My kobiety zapożyczyłyśmy sobie żaboty od mężczyzn, gdyż początkowo to oni przystrajali sobie nimi ubrania w okolicy szyi. Jednak z racji tego, że nam należy się to co najlepsze, takie zagrabienie i przywłaszczenie sobie przywileju noszenia tego elementu wydaje się być jak najbardziej na miejscu. Na pierwszym zdjęciu przedstawiam żaboty, które uwiecznione zostały w czasopiśmie „LA MODE ILLUSTREE” z 1880 roku. Prawda. Że piękne? Delikatne ale bardzo obfito i bogato marszczone. Niewątpliwie dziś byłyby nieco ekstrawaganckie, kiedyś noszono je do strojów znacznie częściej niż dziś.

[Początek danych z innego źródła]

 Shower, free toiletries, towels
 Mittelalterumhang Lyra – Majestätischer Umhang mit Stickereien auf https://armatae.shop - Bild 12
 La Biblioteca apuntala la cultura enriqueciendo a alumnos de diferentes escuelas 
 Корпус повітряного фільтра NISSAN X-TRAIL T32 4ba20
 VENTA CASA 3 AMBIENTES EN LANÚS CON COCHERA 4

Osobiście jestem bardzo zadowolona, że przetrwał on do dziś i cyklicznie pojawia się na wybiegach. Moje żaboty są zazwyczaj nieco mniej dekoracyjne niż te powyżej, jednak czasy sie zmieniają i do pracy ciężko wystroić się w jedno z powyższych cudeniek. Inaczej oczywiście na wieczór, ale tu pole do popisu mamy zawsze większe, z każdym dodatkiem. Zobaczcie więc jeszcze raz moje żaboty. Pierwszy z nich wykonany został z dwóch tkanin w zupełnie innych kolorach. Jak Wam się podoba takie zestawienie zieleni z czernią?
Bluzka to również dobre tło dla naszych żabotów. Pierwsza z nich, w pięknej czerwieni ozdobiona została falbanami imitującymi żabot. Dość charakterystyczny kolor oraz krój bluzki stwarza nam kreację na bardziej oficjalne wyjście. Druga bluzka, w białym kolorze, to strój niewątpliwie na codzień. W tym przypadku ogromny żabot z geometrycznie ułożonych kawałków materiału idealnie pasuje do stroju codizennego.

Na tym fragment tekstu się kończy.